Any thoughts on how we can better collectively address COVID-19 right now?

RD: The most important thing is for people to actually abide by the direction that has been given as it relates to social distancing: limiting your exposure to other people, keeping yourself healthy, and informing those around you when you’re not. The people on the front lines need us to do our parts to keep them safe. The most important longer-term lesson here is that there are pandemics that are arising and will arise. What I hope we all learn is we can be better prepared for them by accelerating the things that we were caught off-guard by in this particular case. This is a call to be prepared for the next pandemic.

Are you optimistic about our ability to end this current pandemic?

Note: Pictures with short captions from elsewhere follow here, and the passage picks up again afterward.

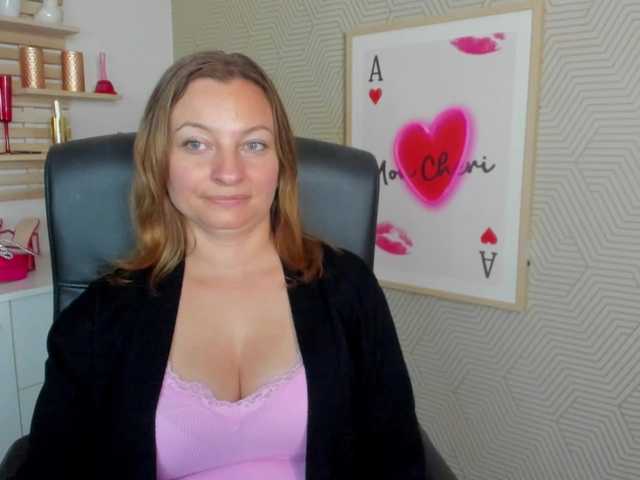 angelaLove13 live cam on BongaCams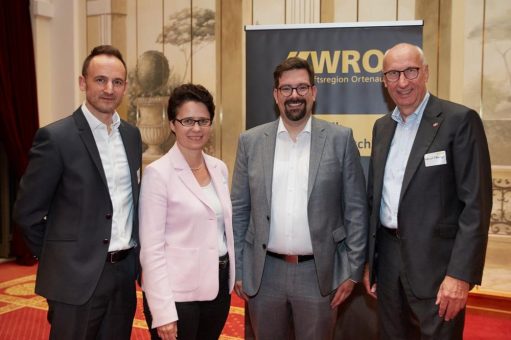 nectanet GmbH Politik trifft Wirtschaft „Mit Robotern leben – unsere nahe Zukunft in einer automatisierten Welt“, Dominik Bösl, Head of Robotic Futures bei FESTO AG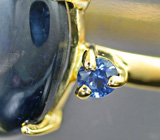 Золотой кольцо cо звездчатым 7,83 карата и голубыми сапфирами Золото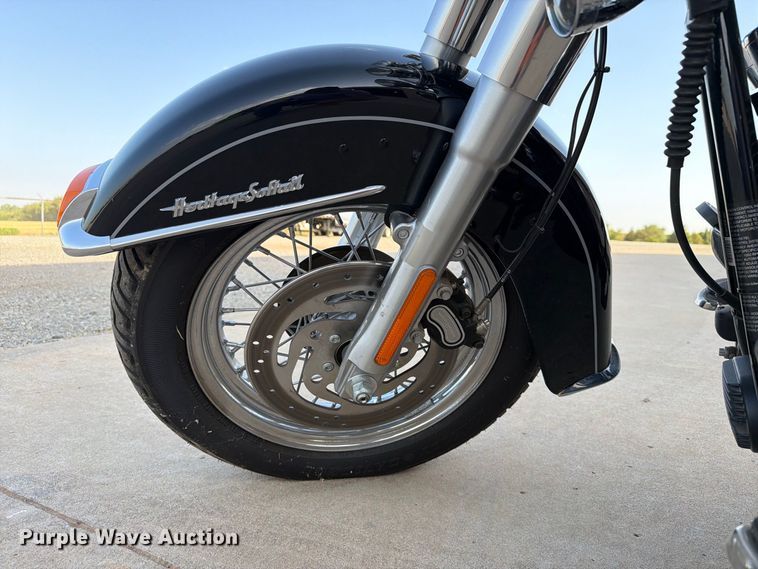 image for item EW8896 2010 Harley-Davidson Heritage Softail Classic motorcycle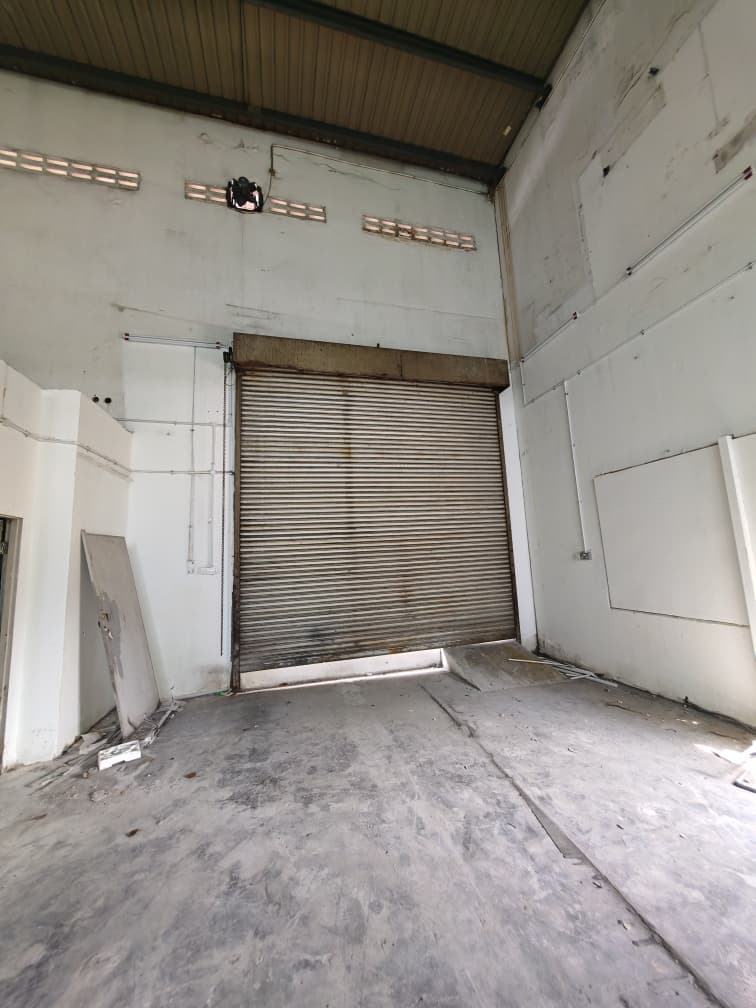 Desa Tun Razak Corner Factory - photo 2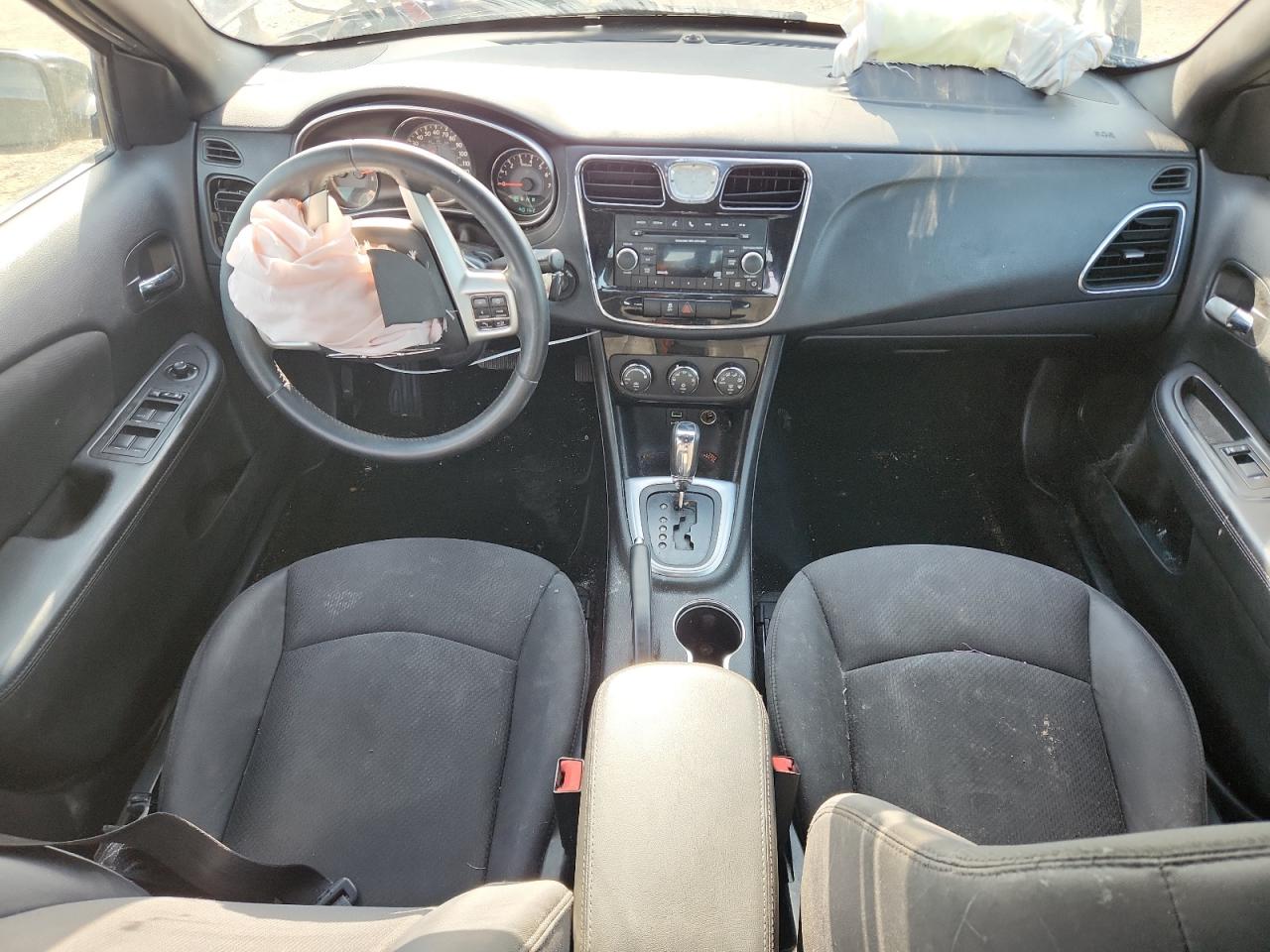 2013 Chrysler 200 Touring VIN: 1C3CCBBB2DN592397 Lot: 64137715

RD: I am optimistic. If you’re leading a company, whether it’s combating COVID-19 or anything in healthcare, you have to be optimistic about our ability to apply healthcare interventions for improving the world. We have to be optimistic, also, because most of how we address this is through human behavior, and we have to believe that people are going to do the right thing. I’ve seen my entire industry mobilize immediately and with tremendous urgency to combat the crisis. Everyone came to this collaboratively as opposed to competitively. If given the choice and the chance, people who I have encountered are making the right decisions.